* Assignment
Pull every line holding the string "Wide" from the records below.

.....

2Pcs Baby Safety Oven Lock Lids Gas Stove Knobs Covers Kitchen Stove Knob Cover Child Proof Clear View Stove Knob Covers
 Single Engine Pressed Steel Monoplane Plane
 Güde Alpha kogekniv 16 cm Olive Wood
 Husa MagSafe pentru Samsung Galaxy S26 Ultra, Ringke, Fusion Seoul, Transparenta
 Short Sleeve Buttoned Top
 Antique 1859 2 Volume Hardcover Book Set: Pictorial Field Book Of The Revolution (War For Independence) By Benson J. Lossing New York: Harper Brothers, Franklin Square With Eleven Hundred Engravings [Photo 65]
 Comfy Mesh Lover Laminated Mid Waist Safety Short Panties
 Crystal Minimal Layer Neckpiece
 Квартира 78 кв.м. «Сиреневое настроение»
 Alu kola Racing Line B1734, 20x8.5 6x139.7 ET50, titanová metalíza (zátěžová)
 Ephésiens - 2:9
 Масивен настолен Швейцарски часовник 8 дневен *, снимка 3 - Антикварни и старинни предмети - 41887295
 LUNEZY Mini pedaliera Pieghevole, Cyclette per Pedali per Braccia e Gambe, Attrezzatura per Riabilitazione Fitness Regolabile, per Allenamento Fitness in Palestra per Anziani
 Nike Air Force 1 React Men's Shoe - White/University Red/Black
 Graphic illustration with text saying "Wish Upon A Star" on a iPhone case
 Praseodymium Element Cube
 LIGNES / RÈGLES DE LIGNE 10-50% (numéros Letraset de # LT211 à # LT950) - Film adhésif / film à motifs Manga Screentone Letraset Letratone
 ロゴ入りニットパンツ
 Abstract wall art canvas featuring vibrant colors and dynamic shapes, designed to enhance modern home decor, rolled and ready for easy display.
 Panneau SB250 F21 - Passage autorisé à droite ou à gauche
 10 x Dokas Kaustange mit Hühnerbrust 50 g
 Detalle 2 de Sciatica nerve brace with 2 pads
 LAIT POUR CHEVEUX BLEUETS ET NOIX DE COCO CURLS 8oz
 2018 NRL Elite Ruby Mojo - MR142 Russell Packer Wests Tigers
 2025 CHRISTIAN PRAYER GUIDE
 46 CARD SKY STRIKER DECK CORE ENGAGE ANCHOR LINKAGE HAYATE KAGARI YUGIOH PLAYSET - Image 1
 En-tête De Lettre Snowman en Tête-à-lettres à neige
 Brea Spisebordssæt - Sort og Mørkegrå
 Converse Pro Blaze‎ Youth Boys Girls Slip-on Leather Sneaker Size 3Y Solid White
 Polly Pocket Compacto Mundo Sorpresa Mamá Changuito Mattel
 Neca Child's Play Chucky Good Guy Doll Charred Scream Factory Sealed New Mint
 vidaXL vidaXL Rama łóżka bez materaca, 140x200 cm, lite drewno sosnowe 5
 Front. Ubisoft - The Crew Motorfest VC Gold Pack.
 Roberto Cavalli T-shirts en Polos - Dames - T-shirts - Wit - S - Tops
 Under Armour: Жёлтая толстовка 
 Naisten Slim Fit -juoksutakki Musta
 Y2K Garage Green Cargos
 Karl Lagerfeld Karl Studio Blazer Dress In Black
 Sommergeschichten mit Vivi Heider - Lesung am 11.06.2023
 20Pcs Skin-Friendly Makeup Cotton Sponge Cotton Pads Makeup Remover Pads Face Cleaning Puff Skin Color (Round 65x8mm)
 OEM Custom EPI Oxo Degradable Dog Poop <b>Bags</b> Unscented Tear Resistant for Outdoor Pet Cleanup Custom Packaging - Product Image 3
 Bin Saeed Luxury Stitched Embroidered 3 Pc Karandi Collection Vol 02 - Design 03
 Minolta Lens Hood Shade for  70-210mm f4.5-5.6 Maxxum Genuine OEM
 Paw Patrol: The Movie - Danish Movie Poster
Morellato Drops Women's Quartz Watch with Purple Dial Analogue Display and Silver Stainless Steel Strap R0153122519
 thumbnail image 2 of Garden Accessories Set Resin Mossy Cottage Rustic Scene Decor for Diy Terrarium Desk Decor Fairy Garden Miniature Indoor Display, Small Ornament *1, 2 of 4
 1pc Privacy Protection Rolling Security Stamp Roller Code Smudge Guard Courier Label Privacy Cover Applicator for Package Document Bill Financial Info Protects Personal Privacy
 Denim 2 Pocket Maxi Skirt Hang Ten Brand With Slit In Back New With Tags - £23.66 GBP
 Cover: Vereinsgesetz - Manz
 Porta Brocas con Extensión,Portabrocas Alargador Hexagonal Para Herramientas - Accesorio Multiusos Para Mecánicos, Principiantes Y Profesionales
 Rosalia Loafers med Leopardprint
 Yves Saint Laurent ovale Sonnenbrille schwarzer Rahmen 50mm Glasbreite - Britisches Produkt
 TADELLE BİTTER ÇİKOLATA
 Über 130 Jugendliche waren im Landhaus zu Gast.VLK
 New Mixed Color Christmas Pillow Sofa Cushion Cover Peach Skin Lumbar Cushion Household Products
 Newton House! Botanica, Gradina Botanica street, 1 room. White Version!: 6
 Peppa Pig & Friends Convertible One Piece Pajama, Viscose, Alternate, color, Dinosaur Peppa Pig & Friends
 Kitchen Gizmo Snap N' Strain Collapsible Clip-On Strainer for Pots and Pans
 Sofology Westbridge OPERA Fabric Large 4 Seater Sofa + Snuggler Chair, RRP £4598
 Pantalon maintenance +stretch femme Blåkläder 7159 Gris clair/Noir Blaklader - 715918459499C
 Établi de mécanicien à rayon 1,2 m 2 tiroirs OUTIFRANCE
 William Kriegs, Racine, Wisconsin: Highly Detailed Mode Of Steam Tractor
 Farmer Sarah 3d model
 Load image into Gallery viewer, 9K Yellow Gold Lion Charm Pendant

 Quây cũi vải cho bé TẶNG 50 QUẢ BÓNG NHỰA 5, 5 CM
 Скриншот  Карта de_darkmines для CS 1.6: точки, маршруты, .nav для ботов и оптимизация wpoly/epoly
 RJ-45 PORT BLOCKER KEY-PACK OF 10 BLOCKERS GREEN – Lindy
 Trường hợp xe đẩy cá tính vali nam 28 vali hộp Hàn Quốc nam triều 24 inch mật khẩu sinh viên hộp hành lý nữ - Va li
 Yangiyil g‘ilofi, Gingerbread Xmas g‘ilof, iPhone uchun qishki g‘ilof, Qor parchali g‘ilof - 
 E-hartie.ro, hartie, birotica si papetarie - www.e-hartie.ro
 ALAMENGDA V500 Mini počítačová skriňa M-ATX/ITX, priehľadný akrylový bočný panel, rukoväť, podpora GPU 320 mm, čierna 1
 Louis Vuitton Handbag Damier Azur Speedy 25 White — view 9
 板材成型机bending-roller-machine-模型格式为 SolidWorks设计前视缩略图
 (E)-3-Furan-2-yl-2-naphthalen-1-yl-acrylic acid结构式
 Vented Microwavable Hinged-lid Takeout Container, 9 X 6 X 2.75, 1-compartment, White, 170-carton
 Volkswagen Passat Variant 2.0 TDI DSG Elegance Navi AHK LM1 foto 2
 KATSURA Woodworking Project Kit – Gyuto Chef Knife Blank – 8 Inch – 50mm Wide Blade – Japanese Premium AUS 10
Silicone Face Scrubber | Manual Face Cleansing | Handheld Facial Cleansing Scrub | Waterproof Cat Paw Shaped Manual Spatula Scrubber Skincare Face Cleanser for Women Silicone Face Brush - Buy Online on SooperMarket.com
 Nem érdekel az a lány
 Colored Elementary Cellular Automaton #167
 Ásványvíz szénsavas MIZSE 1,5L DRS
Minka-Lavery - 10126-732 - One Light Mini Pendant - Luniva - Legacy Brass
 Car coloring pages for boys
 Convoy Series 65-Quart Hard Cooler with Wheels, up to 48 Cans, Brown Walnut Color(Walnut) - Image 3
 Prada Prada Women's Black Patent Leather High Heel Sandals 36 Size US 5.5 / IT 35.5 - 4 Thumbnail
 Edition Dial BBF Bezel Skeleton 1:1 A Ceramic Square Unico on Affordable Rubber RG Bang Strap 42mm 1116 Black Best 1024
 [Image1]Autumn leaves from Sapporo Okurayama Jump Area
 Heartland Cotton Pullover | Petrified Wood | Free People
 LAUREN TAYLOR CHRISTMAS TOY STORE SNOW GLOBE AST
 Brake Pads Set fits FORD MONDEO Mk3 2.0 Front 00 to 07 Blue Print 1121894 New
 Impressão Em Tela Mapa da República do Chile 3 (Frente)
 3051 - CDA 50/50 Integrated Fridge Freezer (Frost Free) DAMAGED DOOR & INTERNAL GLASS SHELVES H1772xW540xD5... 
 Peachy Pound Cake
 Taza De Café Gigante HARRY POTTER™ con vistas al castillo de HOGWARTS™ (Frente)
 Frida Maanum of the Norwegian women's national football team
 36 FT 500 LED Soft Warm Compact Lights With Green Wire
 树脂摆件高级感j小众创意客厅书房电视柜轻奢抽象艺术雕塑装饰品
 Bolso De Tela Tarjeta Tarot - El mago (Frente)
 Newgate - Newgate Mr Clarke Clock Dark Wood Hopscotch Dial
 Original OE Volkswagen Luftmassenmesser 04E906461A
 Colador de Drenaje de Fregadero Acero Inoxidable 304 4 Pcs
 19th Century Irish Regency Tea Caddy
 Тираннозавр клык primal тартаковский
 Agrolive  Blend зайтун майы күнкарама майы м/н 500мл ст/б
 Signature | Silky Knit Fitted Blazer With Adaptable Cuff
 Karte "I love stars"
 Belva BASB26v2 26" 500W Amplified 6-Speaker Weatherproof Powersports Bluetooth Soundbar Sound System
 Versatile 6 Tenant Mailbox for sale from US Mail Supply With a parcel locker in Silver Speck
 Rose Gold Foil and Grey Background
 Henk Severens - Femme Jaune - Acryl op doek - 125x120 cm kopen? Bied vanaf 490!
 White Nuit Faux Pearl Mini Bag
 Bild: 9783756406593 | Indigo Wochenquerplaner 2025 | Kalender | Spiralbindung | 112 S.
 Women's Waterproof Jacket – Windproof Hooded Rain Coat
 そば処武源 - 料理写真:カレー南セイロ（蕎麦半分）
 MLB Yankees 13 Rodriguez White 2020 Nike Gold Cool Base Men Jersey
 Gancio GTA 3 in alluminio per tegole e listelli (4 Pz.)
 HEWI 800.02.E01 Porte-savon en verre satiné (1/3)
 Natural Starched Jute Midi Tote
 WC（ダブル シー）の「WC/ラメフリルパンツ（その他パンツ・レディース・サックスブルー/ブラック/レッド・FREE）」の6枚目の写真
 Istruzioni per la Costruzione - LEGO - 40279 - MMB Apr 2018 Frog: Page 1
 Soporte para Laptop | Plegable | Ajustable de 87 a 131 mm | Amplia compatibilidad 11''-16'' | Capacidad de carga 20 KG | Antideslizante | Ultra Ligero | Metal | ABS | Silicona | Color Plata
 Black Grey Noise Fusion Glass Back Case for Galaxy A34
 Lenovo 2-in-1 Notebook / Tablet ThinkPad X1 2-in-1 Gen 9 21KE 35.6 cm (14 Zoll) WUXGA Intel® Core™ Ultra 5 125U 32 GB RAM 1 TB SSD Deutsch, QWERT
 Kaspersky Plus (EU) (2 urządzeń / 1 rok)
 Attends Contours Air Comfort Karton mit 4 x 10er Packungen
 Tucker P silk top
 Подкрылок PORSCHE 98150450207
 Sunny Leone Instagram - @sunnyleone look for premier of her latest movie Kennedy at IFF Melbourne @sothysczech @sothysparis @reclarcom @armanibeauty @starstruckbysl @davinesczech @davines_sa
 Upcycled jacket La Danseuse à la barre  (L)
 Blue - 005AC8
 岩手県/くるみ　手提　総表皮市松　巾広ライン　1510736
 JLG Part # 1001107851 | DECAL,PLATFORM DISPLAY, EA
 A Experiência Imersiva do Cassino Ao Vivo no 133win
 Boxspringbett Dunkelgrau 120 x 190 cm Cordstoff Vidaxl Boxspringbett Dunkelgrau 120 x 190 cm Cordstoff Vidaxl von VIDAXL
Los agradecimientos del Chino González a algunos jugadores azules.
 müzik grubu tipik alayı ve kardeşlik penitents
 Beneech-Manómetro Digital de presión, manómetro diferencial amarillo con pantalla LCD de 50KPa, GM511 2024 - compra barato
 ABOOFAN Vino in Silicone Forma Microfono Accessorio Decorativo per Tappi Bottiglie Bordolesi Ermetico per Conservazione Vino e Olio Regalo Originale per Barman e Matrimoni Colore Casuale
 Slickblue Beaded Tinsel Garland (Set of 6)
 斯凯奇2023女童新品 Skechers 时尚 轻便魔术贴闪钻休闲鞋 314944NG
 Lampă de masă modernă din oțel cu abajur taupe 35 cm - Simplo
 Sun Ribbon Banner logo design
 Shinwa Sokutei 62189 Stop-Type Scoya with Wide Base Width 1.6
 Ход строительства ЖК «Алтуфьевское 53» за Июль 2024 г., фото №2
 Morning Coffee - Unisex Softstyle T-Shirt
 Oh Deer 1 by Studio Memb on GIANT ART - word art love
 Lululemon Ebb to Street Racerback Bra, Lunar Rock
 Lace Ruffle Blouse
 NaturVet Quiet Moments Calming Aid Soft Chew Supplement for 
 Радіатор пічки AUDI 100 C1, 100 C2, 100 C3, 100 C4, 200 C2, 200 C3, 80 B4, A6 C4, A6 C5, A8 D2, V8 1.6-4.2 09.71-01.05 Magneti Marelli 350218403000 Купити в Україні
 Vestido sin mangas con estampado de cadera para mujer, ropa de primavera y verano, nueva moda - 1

.....

* Solution below
 KATSURA Woodworking Project Kit – Gyuto Chef Knife Blank – 8 Inch – 50mm Wide Blade – Japanese Premium AUS 10
 Shinwa Sokutei 62189 Stop-Type Scoya with Wide Base Width 1.6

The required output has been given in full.